Chwilę później właściciel podszedł do mojego stolika przy oknie.
„Wygląda na to, że świetnie się bawiłeś. Zostań, jak długo chcesz” – powiedziała mi.
Zewnętrzna część przytulnej kawiarni | : Midjourney
Usiadłam przy stole i objęłam dłońmi ciepły kubek. Po raz pierwszy od lat, które zdawały się być latami, usiadłam. Nie było listy do odhaczenia. Nie czekał na mnie kuchenny minutnik. Tylko cicha muzyka do kawy w tle. Na zewnątrz drzewa kołysały się delikatnie na wietrze.
W środku wypuściłem powietrze.
Później tego wieczoru wróciłem, żeby spakować małą torbę na noc. Pojechałem do rodziców. Załatwiliśmy już wszystko, kiedy byłem w kawiarni. Dom wydawał się teraz chłodniejszy, głuchy i sterylny.
Aidan siedział na skraju łóżka, zgarbił ramiona i wbił wzrok w podłogę, niczym uczeń czekający na karę.
„Zniszczyłaś mi urodziny, Lacey” – powiedział cicho, ponuro. „Naprawdę mnie nie zabierasz?”
Nie podniosłam wzroku ani nie przewróciłam oczami. Spokojnie zapięłam torbę.
„Nie, Aidan” – odpowiedziałem. „Zrobiłeś to sam. I nie. Jadę sam. A kiedy wrócę, będę dalej pracował”.
Nie poszedł za mną, kiedy wyszedłem.
Mężczyzna siedzący na łóżku | Źródło: Midjourney
Dwa dni później pojechałem sam na Malediwy.

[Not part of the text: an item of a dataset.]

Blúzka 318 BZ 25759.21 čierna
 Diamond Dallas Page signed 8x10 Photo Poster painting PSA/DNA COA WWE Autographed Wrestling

„Jesteś pewien, że nie chcesz, żebym poszła z tobą?” zapytała moja mama.
„Jestem pewna” – odpowiedziałam z uśmiechem. „Wkrótce zarezerwuję wycieczkę dla ciebie i taty… ale muszę to zrobić sama. Ostatnio żyłam w cieniu. Muszę wyjść na światło”.
Cisza na Malediwach była inna. Nie przytłaczająca. Przestronna. A wręcz oczyszczająca. Chodziłam boso po bezkresnych piaszczystych plażach, a ocean otulał moje kostki niczym delikatne zaproszenie.
Pozwoliłam soli przylgnąć do mojej skóry, pozwoliłam słońcu musnąć części mojego ciała, które od miesięcy nie czuły się lekkie.
Przeczytałem trzy książki w cztery dni. Pływałem o wschodzie słońca. Spałem przy otwartych oknach i pozwoliłem wiatrowi unieść ostatnie ślady tego, kim byłem w tym domu.
Kiedy wróciłam, byłam opalona i miałam kilka dodatkowych piegów. Niczego nie żałowałam.
Następnego ranka ojciec wręczył mi dokumenty rozwodowe, które złożyłem przed wyjazdem.
Następstwa nadeszły szybko i były dziwnie satysfakcjonujące. Matka Aidana i inni byli wściekli. Później dowiedziałem się, że przyparła go do muru w kuchni, kiedy wychodziłem.
„Gotowała! Sprzątała! Urządziła ci fantastyczne przyjęcie, a ty zrobiłeś z niej taką idiotkę!” – naśladowała ją moja teściowa.
Kilka dni później spotkałem kuzynkę. Ona też była na imprezie i podobno Aidan pobiegł za mną tego wieczoru, zdenerwowany i niepewny. Ale nie wiedział, w którą stronę poszedłem.
Yo Make również polubił
3 znaki zodiaku, na które powinieneś uważać
Ciasto funtowe truskawkowo-ananasowe
Tiramisu – włoska rozkosz na talerzu!